Anonymous ID: d24649 Jan. 16, 2019, 4:33 p.m. No.4783761   🗄️.is 🔗kun

>>4783549

 

I've always thought of it via the example of an explorer as the first stranger on an isolated island. All births before had been natural born because there was no other possibility. All births had been children of natives. If the explorer impregnates a native and a child is born, tribal elders would have to convene to determine the child's citizenship, that is, they now need a some kind of law or rule. If they decided the child was an islander, the child would have been naturalized, IOW converted from a non-native into a native condition.

 

Natural born means there's nothing else they could be; not natural born means some ruling is necessary to determine citizenship.

 

That's my take from Vattel's passage wrt to births to natives. As you say, it's not a law Vattel was describing, rather an application of common sense.

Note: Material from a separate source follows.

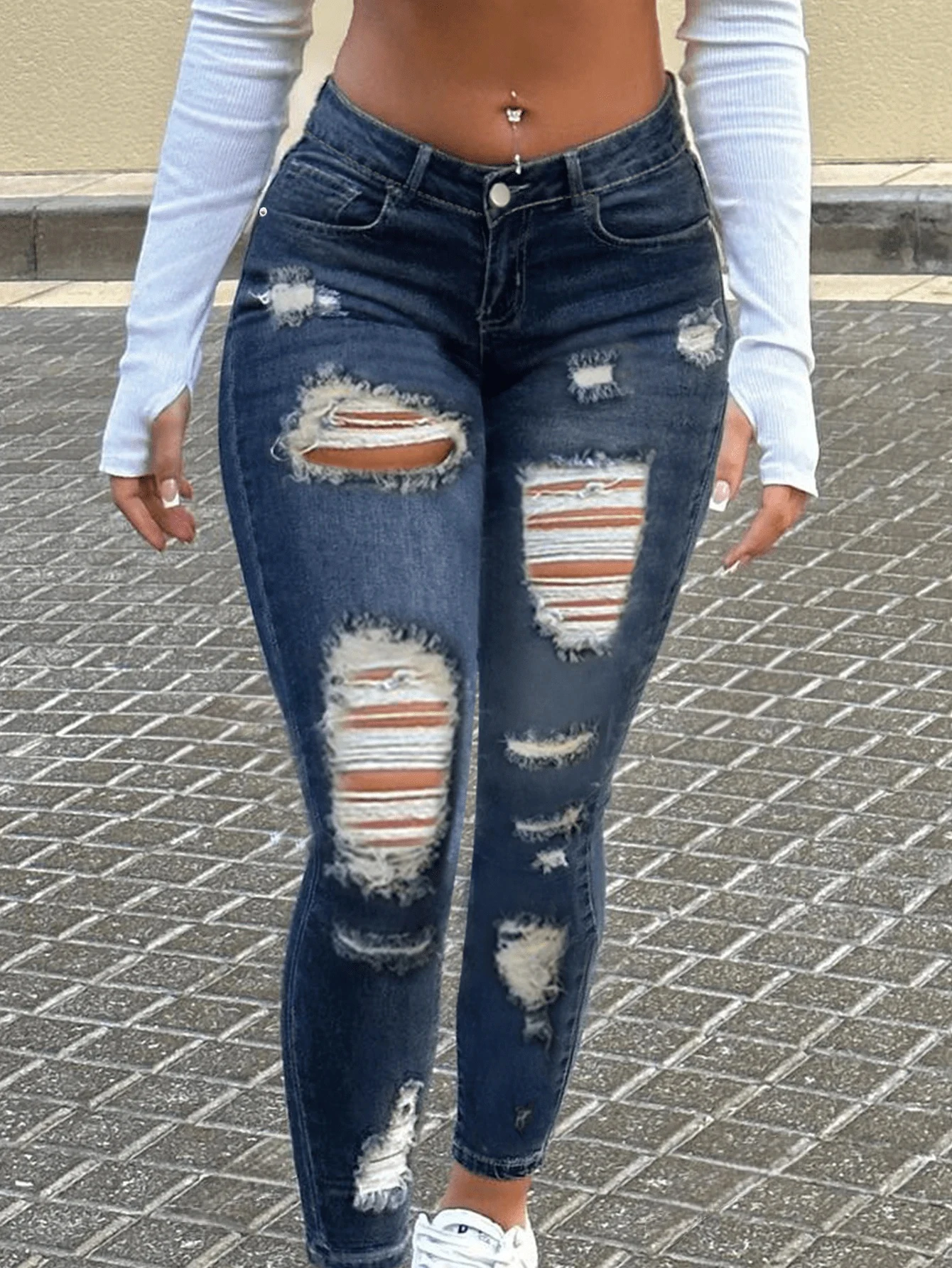 High Waisted Warm Fleece Lined Y2K Ripped Skinny Jeans Women Stretch Denim Vintage Retro Style Comfort Fit Fashion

Anonymous ID: d24649 Jan. 16, 2019, 5:03 p.m. No.4784178   🗄️.is 🔗kun

>>4784085

>This has really startled me. THis is bad

 

Those who wish to follow the law may be hesitant to have babies because of the surveillance and lack of trust in the government.

 

Those who don't give a fuck about the law anyway , i.e. illegals, will continue to have babies and just relocate until the Oregon authorities get tired of trying to find them.